• _THE TASK_: The answer should be an exact repeat of the stretch of material below from the line containing "This video will" through the line containing "Just a quick".

• _GIVEN ENTRIES_:
§ §
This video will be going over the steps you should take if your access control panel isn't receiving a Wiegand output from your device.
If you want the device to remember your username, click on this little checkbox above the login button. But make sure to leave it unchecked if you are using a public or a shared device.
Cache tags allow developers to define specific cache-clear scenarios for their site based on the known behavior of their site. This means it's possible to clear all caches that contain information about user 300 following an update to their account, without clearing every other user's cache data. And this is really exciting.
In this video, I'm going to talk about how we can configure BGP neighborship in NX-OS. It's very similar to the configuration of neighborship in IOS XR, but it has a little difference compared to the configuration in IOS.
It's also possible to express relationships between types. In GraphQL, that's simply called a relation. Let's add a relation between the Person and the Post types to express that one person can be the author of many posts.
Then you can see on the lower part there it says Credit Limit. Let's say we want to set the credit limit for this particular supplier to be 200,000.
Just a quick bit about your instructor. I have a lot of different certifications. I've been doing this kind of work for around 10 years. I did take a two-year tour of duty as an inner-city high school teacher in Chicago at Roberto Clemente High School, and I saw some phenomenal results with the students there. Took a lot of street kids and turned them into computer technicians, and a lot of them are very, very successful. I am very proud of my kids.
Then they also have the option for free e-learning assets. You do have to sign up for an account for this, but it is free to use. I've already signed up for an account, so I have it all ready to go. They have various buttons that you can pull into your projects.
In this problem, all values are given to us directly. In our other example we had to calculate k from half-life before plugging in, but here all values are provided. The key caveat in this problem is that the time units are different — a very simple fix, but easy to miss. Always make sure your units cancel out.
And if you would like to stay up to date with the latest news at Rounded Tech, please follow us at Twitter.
§ §
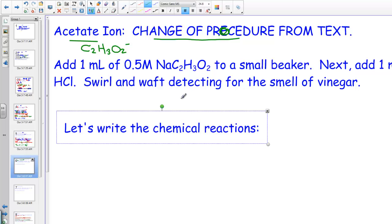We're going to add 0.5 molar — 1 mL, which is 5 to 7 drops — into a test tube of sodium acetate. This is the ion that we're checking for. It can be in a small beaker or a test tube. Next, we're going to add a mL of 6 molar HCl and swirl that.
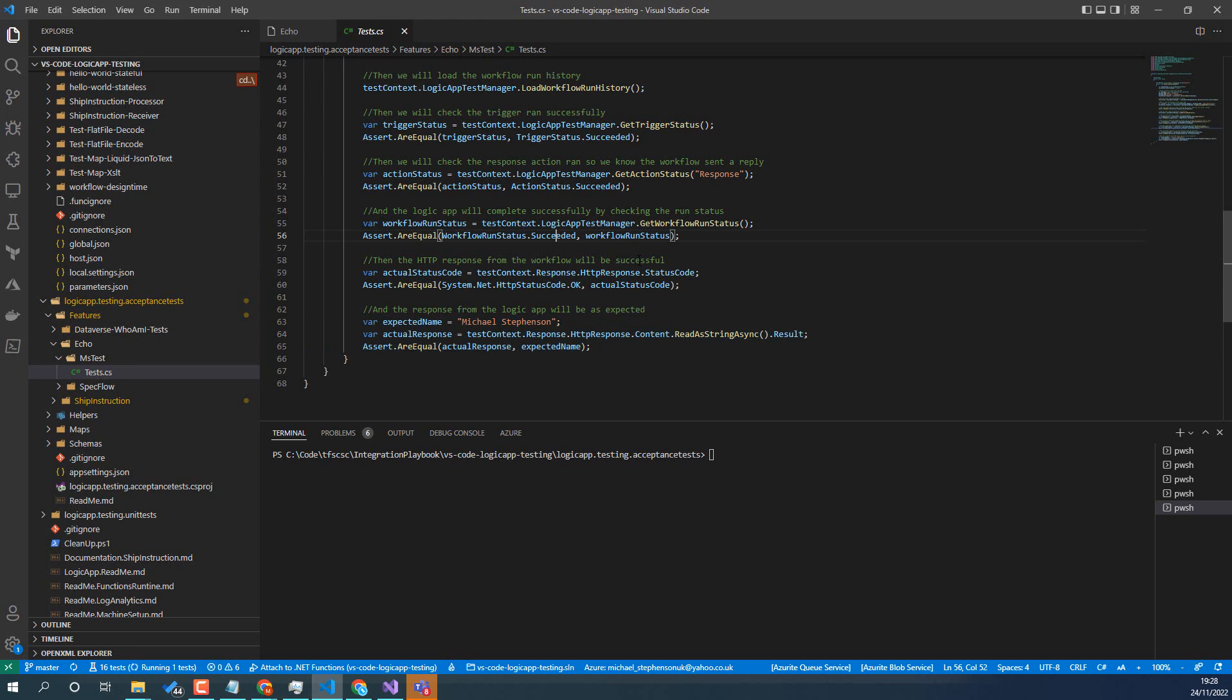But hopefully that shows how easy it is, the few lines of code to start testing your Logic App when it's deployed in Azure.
§ §
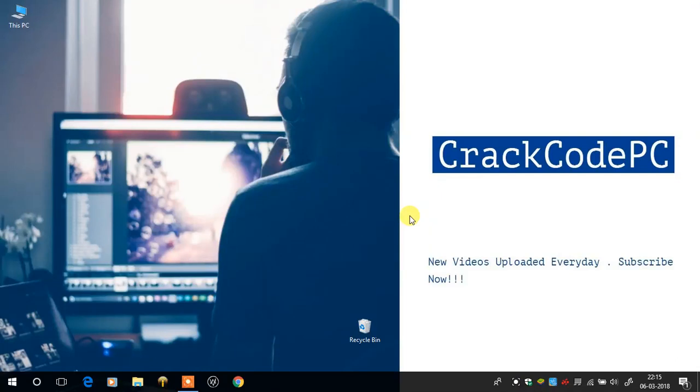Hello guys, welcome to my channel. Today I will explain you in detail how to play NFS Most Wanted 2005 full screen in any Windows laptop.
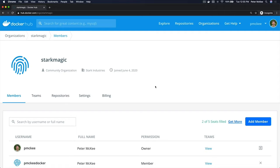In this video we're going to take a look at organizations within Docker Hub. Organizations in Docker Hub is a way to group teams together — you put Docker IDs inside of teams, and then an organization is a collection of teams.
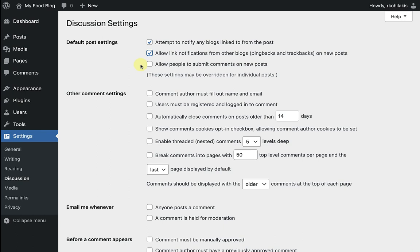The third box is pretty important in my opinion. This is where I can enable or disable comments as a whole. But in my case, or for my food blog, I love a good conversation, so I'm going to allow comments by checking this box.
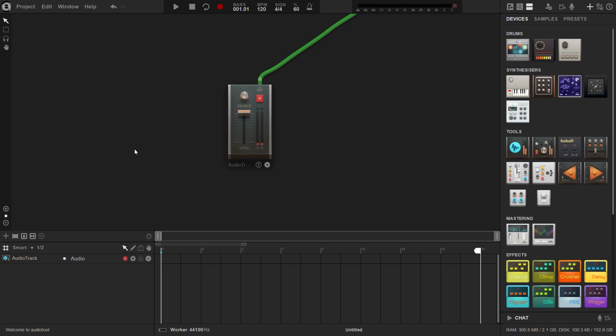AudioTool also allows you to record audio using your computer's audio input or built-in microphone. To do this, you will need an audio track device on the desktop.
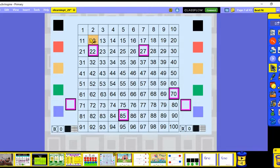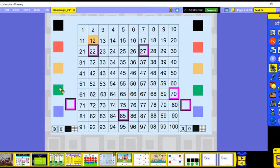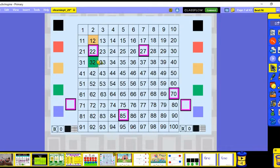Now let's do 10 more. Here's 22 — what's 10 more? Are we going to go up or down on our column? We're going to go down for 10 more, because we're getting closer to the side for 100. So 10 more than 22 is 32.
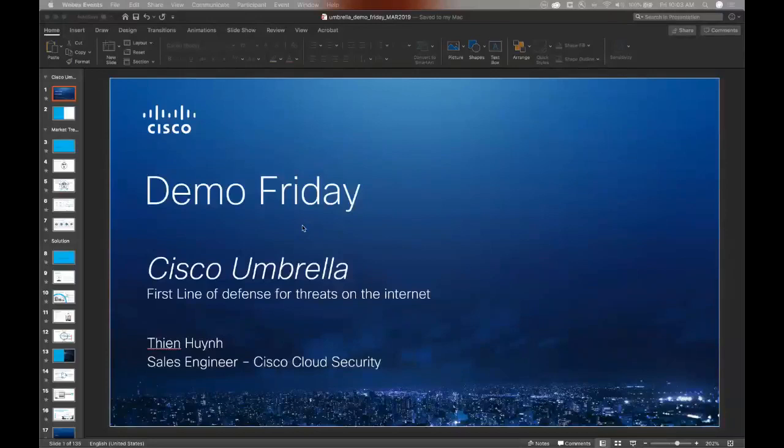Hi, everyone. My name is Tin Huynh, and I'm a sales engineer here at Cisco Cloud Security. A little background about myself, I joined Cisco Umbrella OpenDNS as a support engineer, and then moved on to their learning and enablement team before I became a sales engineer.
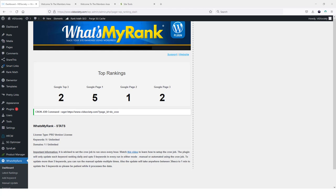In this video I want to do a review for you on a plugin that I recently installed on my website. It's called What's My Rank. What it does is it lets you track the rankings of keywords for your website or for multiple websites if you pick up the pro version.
§ §
• _SOLUTION BELOW_:
This video will be going over the steps you should take if your access control panel isn't receiving a Wiegand output from your device.
If you want the device to remember your username, click on this little checkbox above the login button. But make sure to leave it unchecked if you are using a public or a shared device.
Cache tags allow developers to define specific cache-clear scenarios for their site based on the known behavior of their site. This means it's possible to clear all caches that contain information about user 300 following an update to their account, without clearing every other user's cache data. And this is really exciting.
In this video, I'm going to talk about how we can configure BGP neighborship in NX-OS. It's very similar to the configuration of neighborship in IOS XR, but it has a little difference compared to the configuration in IOS.
It's also possible to express relationships between types. In GraphQL, that's simply called a relation. Let's add a relation between the Person and the Post types to express that one person can be the author of many posts.
Then you can see on the lower part there it says Credit Limit. Let's say we want to set the credit limit for this particular supplier to be 200,000.
Just a quick bit about your instructor. I have a lot of different certifications. I've been doing this kind of work for around 10 years. I did take a two-year tour of duty as an inner-city high school teacher in Chicago at Roberto Clemente High School, and I saw some phenomenal results with the students there. Took a lot of street kids and turned them into computer technicians, and a lot of them are very, very successful. I am very proud of my kids.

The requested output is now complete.